Riddler Classic

By Zach Wissner-Gross

From Abijith Krishnan comes a game of coin flipping madness:

You have two fair coins, labeled A and B. When you flip coin A, you get 1 point if it comes up heads, but you lose 1 point if it comes up tails. Coin B is worth twice as much — when you flip coin B, you get 2 points if it comes up heads, but you lose 2 points if it comes up tails.

To play the game, you make a total of 100 flips. For each flip, you can choose either coin, and you know the outcomes of all the previous flips. In order to win, you must finish with a positive total score. In your eyes, finishing with 2 points is just as good as finishing with 200 points — any positive score is a win. (By the same token, finishing with 0 or −2 points is just as bad as finishing with −200 points.)

If you optimize your strategy, what percentage of games will you win? (Remember, one game consists of 100 coin flips.)

Extra credit: What if coin A isn’t fair (but coin B is still fair)? That is, if coin A comes up heads with probability p and you optimize your strategy, what percentage of games will you win?

My Solution

The optimal strategy intuitively seems to be use the safe coin (coin A) when you want to keep your score and the danger coin (coin B) when you need to change your score. Now the question then becomes when is our score low enough to use the danger coin – where is our danger threshold?

Let’s not kid ourselves, we’re gonna Monte-Carlo this sooner or later, so we can write a quick function to play the game for us:

playGame <- function (dangerThreshold) {
  score <- 0
  for (flips in 1:100) {
    if (score < dangerThreshold) {
      score <- score + sample(c(2,-2), 1)
    } else {
      score <- score + sample(c(1,-1), 1)
    }
  }
  ifelse(score > 0, return(TRUE), return(FALSE))
}

We can then simulate a couple thousand games at each danger thresholds to see which danger threshold results in the higest win probability.

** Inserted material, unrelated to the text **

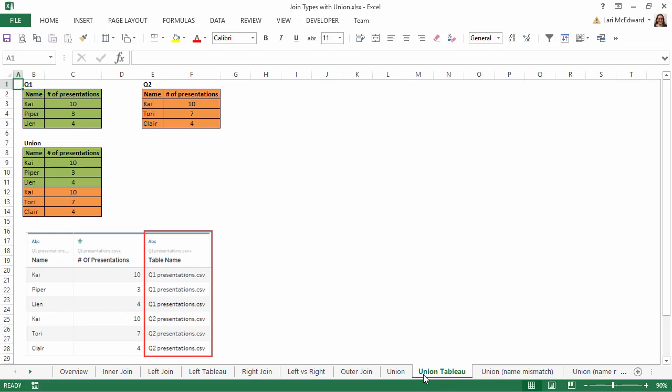In Tableau, new fields are generated with the table name, which indicates metadata about the union's source.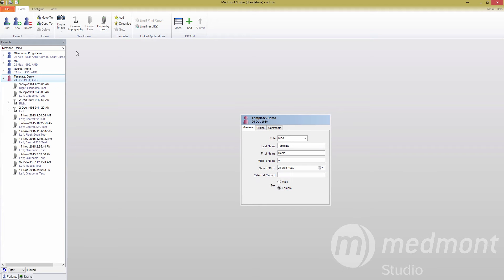Hello and welcome back to Medmont's M700 tutorial videos. In this video, we will explore how to edit and build new test templates.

df <- data.frame(dangerThreshold = -100:100, winProb = 0)
for (row in 1:nrow(df)) {
  dT <- df[row, "dangerThreshold"]
  results <- c()
  for (i in 1:2000) {
    results <- c(results, playGame(dT))
  }
  df[row, "winProb"] <- mean(results)
}

Plotting the results, it’s clear that the best danger threshold is somwhere around 0, though our results are too noisy to exactly determine the exact best danger threshold. It looks like our best danger threshold is \(score < 1\), but we may have to solve this analytically.

library(ggplot2)
df$winProb <- df$winProb * 100
ggplot(df) +
  geom_point(aes(x=dangerThreshold, y=winProb)) +
  xlab("Score Threshold to Use the 'Danger Coin'") +
  ylab("Win Probability (%)")

This game can be described as a markov chain where each possible score is a different state and the possible transitions are determined by whether the danger coin is used.

library(markovchain)
## Package:  markovchain
## Version:  0.8.2
## Date:     2020-01-10
## BugReport: http://github.com/spedygiorgio/markovchain/issues
markovMatrix <- function (dangerThreshold) {
  maxScore <- 100
  minScore <- -200
  if (dangerThreshold > 0) {
    maxScore <- maxScore + ceiling(dangerThreshold / 2)
  } else if (dangerThreshold < 0) {
    minScore <- minScore + dangerThreshold
  }
  mMatrix <- matrix(0, nrow = (abs(minScore) + maxScore + 1), ncol = (abs(minScore) + maxScore + 1))
  colnames(mMatrix) <- minScore:maxScore
  rownames(mMatrix) <- minScore:maxScore
  
  for (row in rownames(mMatrix)) {
    for (col in colnames(mMatrix)) {
      rowN <- as.numeric(row)
      colN <- as.numeric(col)
      if (rowN < dangerThreshold) {
        if (abs(rowN - colN) == 2) {
          mMatrix[row, col] <- 0.5
        }
      } else {
        if (abs(rowN - colN) == 1) {
          mMatrix[row, col] <- 0.5
        }
      }
    }
  }
  mMatrix <<- mMatrix
}

I’ve made a function for creating the transition matrix for a specific danger threshold, but now I’m stuck. I don’t know enough math to solve this.

I guess our best strategy is using the danger coin if the score is less than 1, and using the safe coin otherwise.